Nos anos 60, Ricardo Noblat era um jornalista em início de carreira. Época em que conviveu com o secretário de redação do Jornal do Commercio, no Recife. Segundo ele, Eugênio Coimbra Júnior “era um homem mau, muito mau”. Toda vez que ele convocava algum repórter ou redator à sua mesa de trabalho, a redação tremia. Humilhação à vista, grosseria na certa. Ninguém ria da desgraça alheia. Até porque muitos já haviam experimentado daquele fel. A historinha que segue foi extraída do livro “A Arte de Fazer um Jornal Diário”, de Noblat, editora Contexto.
Certo dia, Coimbra Júnior convocou um repórter:
– O senhor é casado? – quis saber o secretário de redação.
– Sou – respondeu o repórter, fazendo esforço medonho para se equilibrar sobre as pernas.
– O senhor tem certeza de que sua mulher o ama?
– Claro. Certeza absoluta. Nós nos damos muito bem.
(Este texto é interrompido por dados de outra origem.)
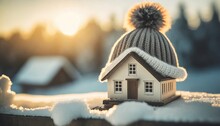  House In Winter - Heating System Concept And Cold Snowy Weather With Model Of A House Wearing A Knitted Cap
– Tem certeza de que não é corno? – insistiu Coimbra Júnior, com a voz nas alturas, para que todos pudessem ouvi-lo.
– Minha mulher é honesta. Por que isso?
– É que o senhor começou o texto assim: “Pelo simples fato de ter encontrado sua mulher nos braços do amante, o comerciário a matou com três tiros…” Só um corno escreve uma coisa dessas. Pegar a mulher nos braços de outro lhe parece coisa pouca?
O pobre repórter tentou engatar uma justificativa:
– É que eu achei…
– O senhor não está aqui para achar nada, mas para narrar os fatos. Quando quiser sua opinião, eu lhe peço.
Coimbra Júnior, à sua maneira, passou a lição: não se mistura fato com opinião.